2
votes

I have a training dataset with 60,000 images and a testing dataset with 10,000 images. Each image represents an integer number from 0 to 9. My goal was to use libsvm which is a library for Support Vector Machines in order to learn the numbers from the training dataset and use the classification produced to predict the images of the testing dataset.

Each image is 28x28 which means that it has 784 pixels or features. While the features seem to be too many it took only 5-10 minutes to run the SVM application and learn the training dataset. The testing results were very good giving me 93% success rate.

I decided to try and use PCA from matlab in order to reduce the amount of features while at the same time not losing too much information.

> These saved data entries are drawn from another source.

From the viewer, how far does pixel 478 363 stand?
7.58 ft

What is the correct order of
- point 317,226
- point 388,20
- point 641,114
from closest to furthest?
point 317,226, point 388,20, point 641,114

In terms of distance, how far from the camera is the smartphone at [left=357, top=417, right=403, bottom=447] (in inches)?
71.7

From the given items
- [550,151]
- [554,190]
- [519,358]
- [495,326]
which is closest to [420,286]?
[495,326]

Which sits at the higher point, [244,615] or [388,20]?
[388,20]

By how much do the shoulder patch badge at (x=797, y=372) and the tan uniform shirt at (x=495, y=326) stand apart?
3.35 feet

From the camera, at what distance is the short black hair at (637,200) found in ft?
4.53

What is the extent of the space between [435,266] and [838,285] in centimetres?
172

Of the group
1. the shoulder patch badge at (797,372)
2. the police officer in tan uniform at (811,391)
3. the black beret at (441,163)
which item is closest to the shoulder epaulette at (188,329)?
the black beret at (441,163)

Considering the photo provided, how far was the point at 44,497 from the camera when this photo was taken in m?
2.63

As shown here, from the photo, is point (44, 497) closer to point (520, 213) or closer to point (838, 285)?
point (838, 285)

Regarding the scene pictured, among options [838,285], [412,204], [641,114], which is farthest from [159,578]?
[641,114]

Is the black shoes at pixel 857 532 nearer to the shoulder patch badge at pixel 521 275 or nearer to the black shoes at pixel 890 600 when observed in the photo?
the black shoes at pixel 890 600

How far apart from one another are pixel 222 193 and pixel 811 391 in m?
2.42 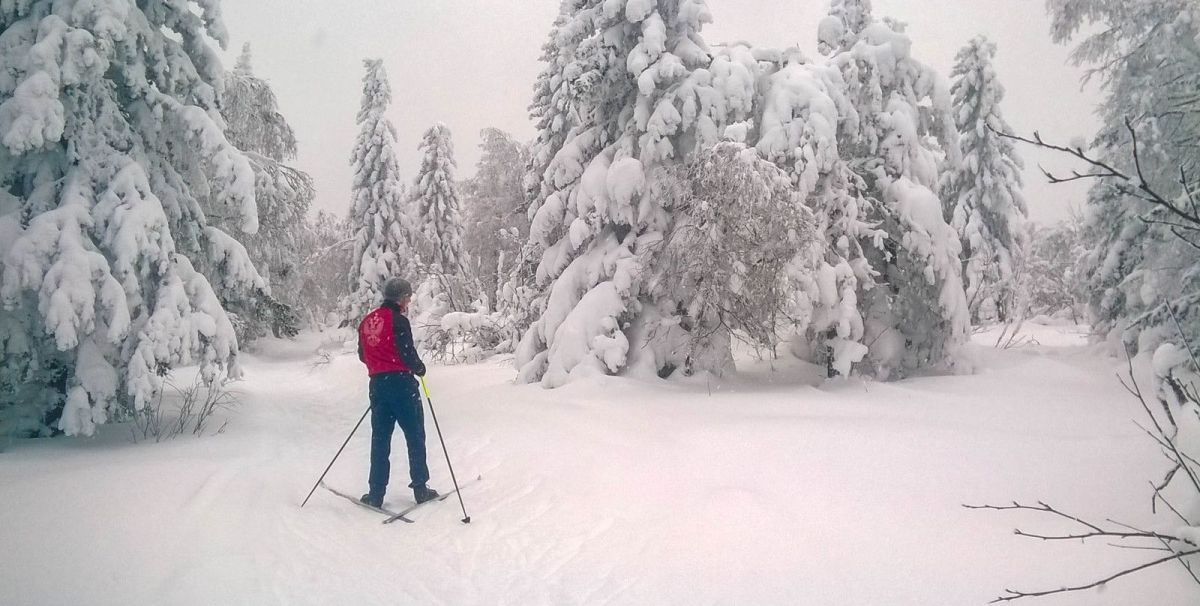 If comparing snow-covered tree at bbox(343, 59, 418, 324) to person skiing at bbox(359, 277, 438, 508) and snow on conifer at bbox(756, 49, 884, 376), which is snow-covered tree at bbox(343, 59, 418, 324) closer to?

[coeff scores latent] = princomp(train_images,'econ');

I played with the latent a little bit and found out that the first 90 features would have as a result 10% information loss so I decided to use only the first 90.

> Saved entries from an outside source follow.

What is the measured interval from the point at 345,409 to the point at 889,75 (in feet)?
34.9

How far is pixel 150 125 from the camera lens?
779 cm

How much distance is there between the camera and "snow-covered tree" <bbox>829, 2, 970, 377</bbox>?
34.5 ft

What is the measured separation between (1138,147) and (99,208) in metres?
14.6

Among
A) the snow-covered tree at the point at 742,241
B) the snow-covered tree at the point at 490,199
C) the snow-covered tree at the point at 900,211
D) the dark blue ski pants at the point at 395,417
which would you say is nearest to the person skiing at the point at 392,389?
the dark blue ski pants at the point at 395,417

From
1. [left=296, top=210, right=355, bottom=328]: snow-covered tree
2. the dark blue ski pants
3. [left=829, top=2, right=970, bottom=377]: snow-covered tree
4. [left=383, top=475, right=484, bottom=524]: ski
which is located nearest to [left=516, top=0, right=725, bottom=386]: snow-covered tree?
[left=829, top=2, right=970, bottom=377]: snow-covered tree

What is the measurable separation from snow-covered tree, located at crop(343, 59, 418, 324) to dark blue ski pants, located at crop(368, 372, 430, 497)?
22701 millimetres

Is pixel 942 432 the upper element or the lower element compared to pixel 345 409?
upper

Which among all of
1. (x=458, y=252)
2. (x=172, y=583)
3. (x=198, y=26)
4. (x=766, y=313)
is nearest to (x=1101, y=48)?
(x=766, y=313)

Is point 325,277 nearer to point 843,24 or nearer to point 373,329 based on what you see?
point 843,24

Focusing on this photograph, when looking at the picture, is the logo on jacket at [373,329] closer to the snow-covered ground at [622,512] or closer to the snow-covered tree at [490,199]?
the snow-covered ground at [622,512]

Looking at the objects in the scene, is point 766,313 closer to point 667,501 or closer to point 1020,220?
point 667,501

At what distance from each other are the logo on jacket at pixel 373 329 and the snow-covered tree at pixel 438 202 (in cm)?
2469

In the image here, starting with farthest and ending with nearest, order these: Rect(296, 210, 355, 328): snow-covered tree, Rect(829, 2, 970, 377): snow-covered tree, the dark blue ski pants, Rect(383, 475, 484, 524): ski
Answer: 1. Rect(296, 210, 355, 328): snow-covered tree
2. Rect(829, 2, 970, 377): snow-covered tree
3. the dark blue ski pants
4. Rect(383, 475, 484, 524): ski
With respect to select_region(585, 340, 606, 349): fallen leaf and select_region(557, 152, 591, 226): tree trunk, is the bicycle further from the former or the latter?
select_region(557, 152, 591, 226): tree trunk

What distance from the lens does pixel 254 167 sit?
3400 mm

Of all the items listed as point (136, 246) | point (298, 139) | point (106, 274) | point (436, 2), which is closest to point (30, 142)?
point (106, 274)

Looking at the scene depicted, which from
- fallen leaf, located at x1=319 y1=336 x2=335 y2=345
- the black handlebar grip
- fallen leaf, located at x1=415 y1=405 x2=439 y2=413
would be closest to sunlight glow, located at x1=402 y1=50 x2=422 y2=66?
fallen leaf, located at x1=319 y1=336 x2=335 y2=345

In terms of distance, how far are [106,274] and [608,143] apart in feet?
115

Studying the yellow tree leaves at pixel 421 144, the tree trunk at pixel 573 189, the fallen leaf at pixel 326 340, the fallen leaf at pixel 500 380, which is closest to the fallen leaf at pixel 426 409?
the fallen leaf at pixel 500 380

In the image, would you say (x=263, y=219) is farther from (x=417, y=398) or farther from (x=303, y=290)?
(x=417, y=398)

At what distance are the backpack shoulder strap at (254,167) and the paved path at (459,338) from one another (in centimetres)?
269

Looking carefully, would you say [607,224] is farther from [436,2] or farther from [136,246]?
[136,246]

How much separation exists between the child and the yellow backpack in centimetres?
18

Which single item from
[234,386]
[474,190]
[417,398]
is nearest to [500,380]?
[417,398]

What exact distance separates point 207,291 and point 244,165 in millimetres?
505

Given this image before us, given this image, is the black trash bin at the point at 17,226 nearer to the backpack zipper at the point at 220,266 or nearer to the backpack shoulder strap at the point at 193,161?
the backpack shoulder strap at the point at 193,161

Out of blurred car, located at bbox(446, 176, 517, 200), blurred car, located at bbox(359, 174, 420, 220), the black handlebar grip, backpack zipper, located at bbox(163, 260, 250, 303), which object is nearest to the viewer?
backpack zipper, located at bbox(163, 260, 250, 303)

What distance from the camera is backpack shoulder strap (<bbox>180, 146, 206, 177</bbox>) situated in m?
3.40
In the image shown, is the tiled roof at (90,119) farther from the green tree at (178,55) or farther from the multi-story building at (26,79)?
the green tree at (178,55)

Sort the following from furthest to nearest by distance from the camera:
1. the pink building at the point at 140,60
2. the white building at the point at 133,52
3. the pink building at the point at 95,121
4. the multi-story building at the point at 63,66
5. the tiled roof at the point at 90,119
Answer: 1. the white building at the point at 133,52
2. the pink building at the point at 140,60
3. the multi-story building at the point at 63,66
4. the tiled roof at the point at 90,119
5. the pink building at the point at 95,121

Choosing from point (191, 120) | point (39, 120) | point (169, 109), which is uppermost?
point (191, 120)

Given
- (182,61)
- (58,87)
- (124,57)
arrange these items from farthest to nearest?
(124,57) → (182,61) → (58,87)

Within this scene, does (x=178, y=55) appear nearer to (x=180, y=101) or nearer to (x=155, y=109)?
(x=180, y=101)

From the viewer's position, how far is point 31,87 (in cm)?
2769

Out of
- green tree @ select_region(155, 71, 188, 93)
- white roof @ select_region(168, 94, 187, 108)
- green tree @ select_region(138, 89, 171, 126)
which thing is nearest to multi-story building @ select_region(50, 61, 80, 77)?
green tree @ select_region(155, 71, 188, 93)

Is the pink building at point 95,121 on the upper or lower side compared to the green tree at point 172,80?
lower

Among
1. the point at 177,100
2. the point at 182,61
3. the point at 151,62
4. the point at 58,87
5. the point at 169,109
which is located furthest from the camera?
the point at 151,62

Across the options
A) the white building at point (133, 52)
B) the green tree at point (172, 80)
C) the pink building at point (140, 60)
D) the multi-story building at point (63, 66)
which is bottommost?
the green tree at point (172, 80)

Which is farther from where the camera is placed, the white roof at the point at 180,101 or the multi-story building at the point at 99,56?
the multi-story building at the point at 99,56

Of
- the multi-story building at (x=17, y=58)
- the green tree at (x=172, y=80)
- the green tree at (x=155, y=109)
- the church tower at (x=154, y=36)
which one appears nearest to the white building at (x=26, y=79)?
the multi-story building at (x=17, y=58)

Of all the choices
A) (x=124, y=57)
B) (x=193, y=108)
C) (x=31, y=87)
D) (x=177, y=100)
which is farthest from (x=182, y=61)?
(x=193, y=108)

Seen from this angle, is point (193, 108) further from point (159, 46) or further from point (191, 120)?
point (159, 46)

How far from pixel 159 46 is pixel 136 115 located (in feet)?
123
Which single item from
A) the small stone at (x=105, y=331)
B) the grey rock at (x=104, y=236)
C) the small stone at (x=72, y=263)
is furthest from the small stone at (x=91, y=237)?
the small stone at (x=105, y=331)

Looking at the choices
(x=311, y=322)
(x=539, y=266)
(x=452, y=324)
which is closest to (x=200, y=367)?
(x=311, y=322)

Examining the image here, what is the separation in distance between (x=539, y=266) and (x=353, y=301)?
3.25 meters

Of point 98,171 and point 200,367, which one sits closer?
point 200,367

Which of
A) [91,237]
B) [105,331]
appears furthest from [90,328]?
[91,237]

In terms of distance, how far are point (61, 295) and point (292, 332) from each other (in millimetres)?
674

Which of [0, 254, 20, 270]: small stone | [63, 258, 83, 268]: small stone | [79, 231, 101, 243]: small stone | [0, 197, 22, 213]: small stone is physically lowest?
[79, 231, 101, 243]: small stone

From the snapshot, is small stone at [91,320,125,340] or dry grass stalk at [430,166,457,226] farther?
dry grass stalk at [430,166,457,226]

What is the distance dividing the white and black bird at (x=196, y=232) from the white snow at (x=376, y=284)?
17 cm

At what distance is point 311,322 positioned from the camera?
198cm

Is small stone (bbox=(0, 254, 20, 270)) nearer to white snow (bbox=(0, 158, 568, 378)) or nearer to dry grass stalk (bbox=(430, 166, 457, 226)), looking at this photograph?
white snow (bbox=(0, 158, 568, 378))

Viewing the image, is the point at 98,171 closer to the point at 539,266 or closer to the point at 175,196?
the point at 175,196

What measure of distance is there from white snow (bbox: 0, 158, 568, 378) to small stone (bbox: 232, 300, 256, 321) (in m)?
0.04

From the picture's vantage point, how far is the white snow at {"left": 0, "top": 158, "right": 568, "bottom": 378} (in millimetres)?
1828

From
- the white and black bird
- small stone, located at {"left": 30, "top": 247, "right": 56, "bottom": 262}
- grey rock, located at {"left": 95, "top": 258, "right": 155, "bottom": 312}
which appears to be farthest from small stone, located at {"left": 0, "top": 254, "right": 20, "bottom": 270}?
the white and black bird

in the above code train_images is an array of size [60000x784]

from this code I get the scores and from the scores I simply took the number of features I wanted, so finally I had for the training images an array of [60000x90]

Question 1: What's the correct way to project the testing dataset to the coefficients => coeff?

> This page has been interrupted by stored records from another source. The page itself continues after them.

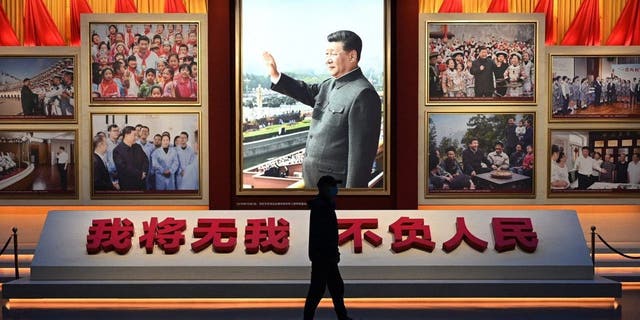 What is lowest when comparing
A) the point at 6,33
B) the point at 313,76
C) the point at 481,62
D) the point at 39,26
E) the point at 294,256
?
the point at 294,256

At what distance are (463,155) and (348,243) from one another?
4771 millimetres

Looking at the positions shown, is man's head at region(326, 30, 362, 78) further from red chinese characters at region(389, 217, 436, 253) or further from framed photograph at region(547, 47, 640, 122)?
red chinese characters at region(389, 217, 436, 253)

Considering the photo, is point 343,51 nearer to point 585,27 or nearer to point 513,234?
point 585,27

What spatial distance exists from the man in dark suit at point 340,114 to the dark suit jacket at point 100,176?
3.19m

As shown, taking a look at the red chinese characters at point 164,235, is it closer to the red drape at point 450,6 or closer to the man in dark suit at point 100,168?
A: the man in dark suit at point 100,168

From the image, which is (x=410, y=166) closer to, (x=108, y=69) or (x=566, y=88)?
(x=566, y=88)

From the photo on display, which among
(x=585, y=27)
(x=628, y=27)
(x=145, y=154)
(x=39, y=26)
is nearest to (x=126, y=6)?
(x=39, y=26)

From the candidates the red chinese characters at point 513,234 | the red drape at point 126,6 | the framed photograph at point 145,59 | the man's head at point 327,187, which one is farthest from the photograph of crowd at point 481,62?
the man's head at point 327,187

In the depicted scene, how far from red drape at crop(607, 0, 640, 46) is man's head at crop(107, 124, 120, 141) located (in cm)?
867

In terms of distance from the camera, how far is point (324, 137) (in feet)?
46.9

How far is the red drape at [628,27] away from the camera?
49.1 ft

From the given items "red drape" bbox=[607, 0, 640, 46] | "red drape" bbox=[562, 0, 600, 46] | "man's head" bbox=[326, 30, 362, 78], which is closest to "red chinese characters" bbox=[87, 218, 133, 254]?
"man's head" bbox=[326, 30, 362, 78]

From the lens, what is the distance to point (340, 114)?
14.3 m

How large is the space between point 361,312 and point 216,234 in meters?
2.20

I tried using the following:

test_images = test_images' * coeff;

Note that the test_images accordingly is an array of size [784x10000] while the coeff an array of size [784x784]

Then from that again I took only the 90 features by doing the following:

test_images = test_images(:,(1:number_of_features))';

which seemed to be correct. However after running the training and then the prediction, I got a 60% success rate which is way lower than the success rate I got when I didn't use any PCA at all.

Question 2: Why did I get such low results?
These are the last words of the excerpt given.